Task material

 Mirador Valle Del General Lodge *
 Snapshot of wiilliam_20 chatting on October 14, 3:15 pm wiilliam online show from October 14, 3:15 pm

---

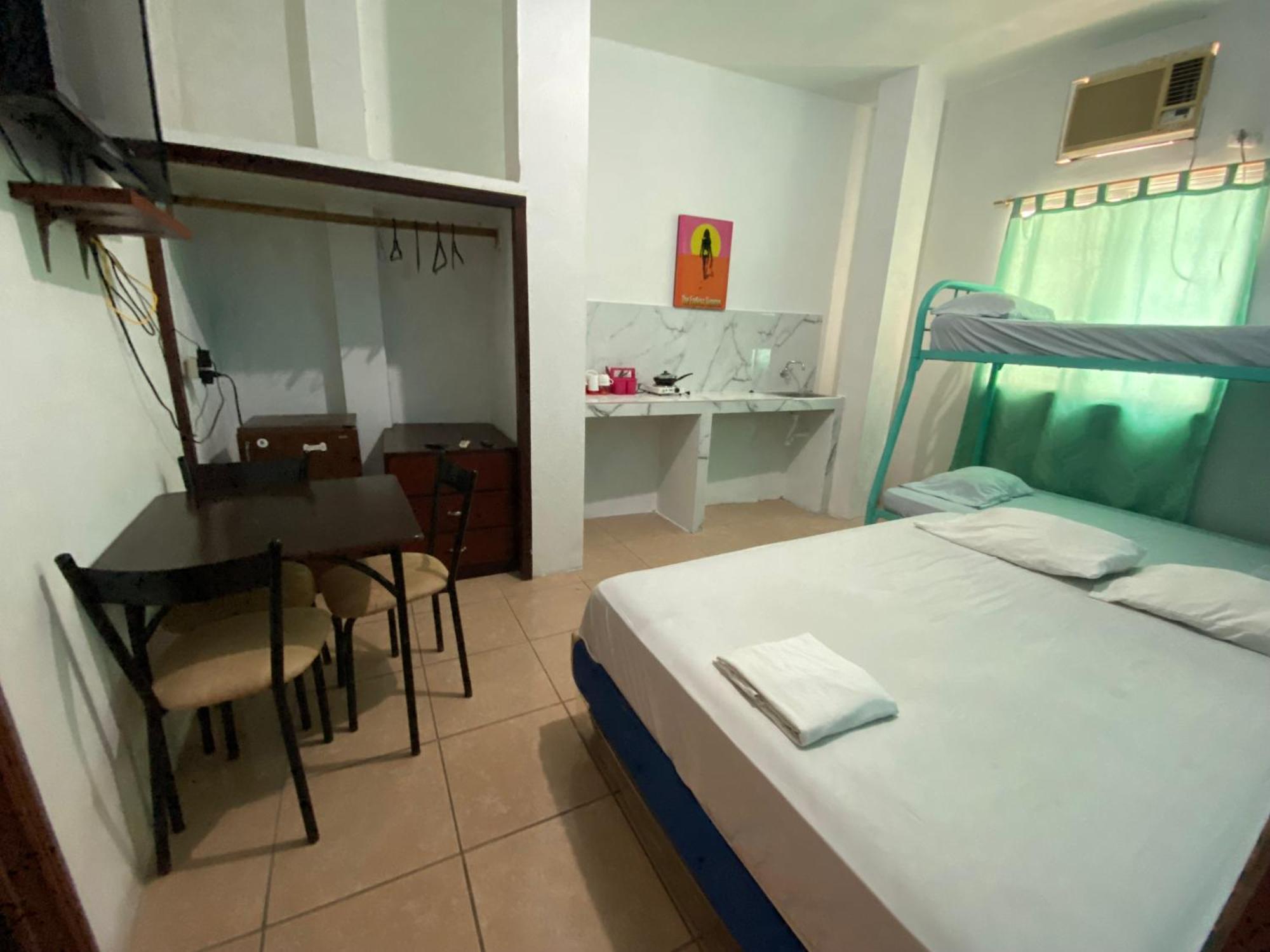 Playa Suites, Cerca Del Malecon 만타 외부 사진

* * *

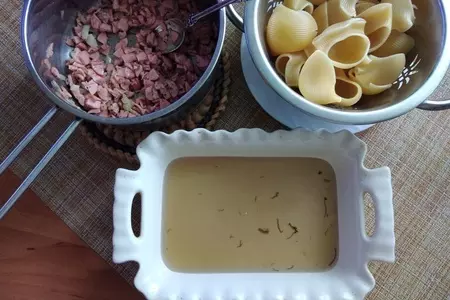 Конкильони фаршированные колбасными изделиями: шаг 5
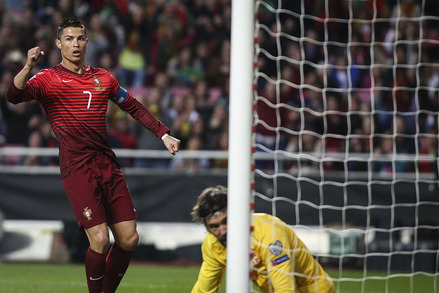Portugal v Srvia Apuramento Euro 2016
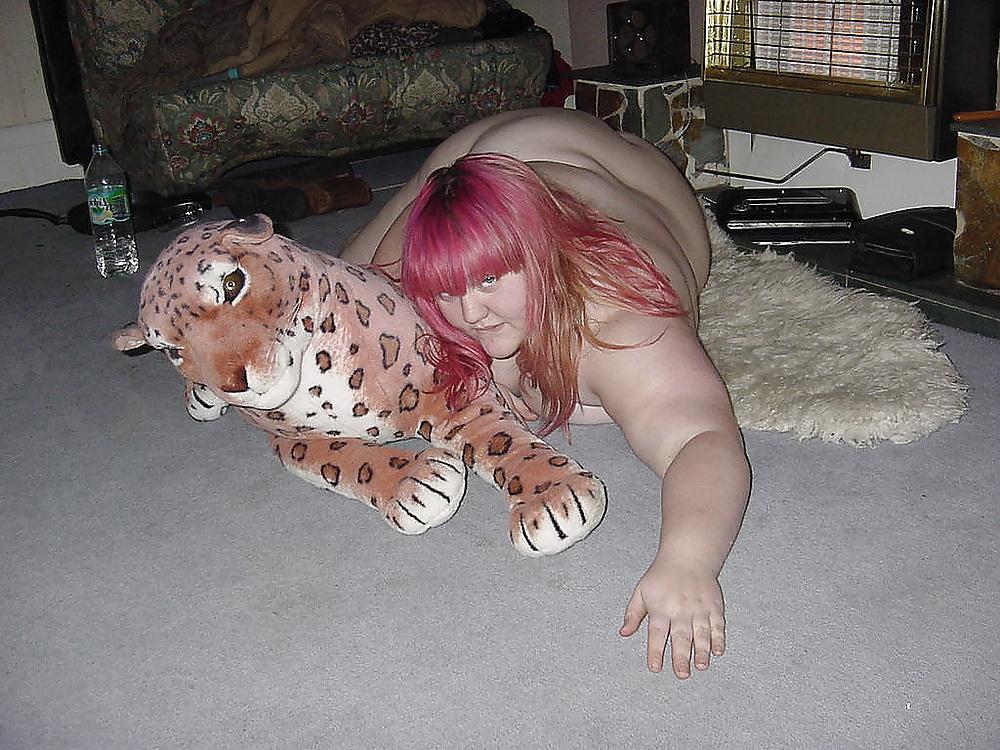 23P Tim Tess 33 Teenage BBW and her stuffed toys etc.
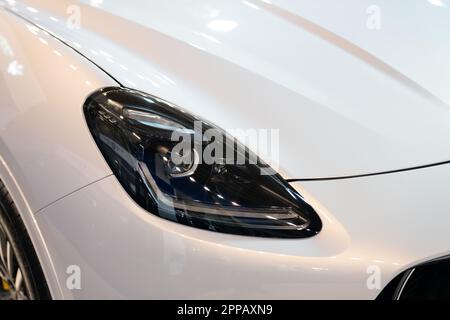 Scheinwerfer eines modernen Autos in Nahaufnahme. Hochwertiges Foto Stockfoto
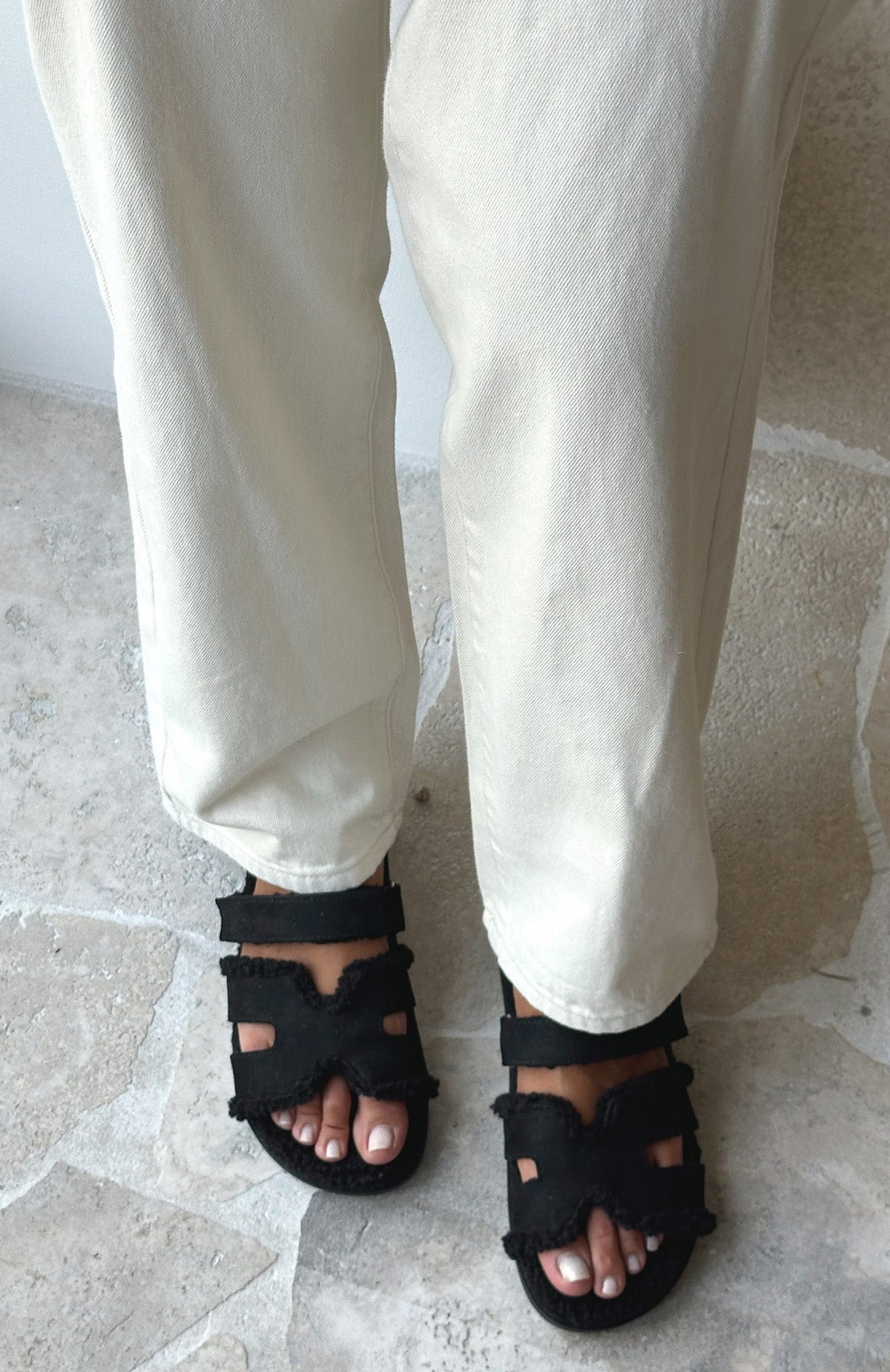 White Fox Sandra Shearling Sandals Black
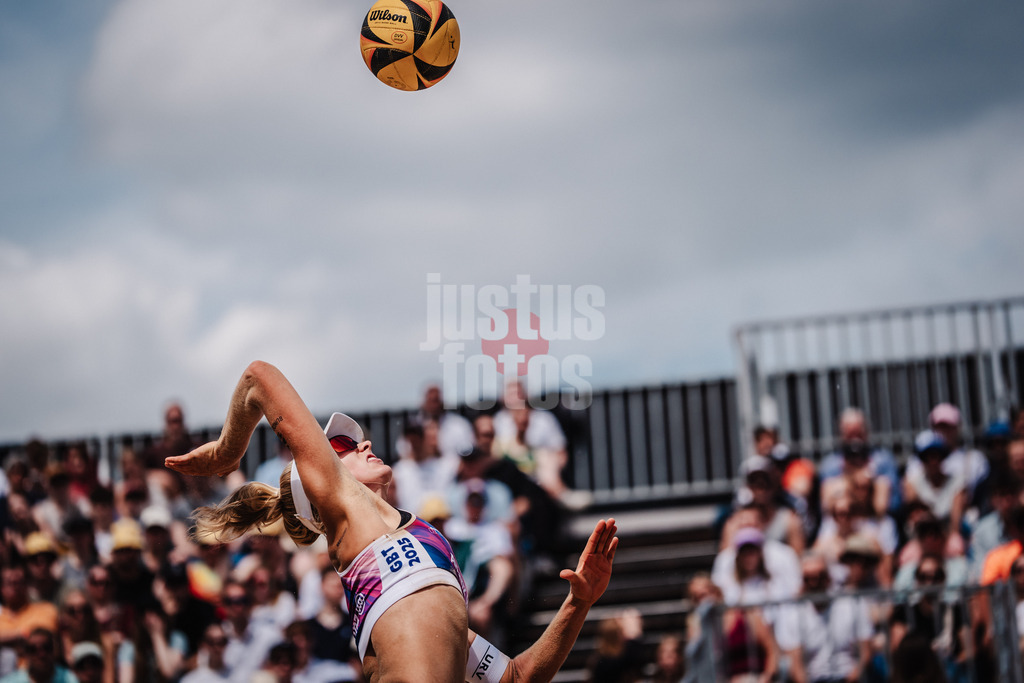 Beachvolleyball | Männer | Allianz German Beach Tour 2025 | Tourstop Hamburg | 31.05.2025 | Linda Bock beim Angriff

What to do
In the records above, copy exactly everything from the line that has "Scheinwerfer eines modernen" down to the line that has "Beachvolleyball | Männer", both ends included, and leave out the pictures.

Expected output
 Scheinwerfer eines modernen Autos in Nahaufnahme. Hochwertiges Foto Stockfoto
 White Fox Sandra Shearling Sandals Black
 Beachvolleyball | Männer | Allianz German Beach Tour 2025 | Tourstop Hamburg | 31.05.2025 | Linda Bock beim Angriff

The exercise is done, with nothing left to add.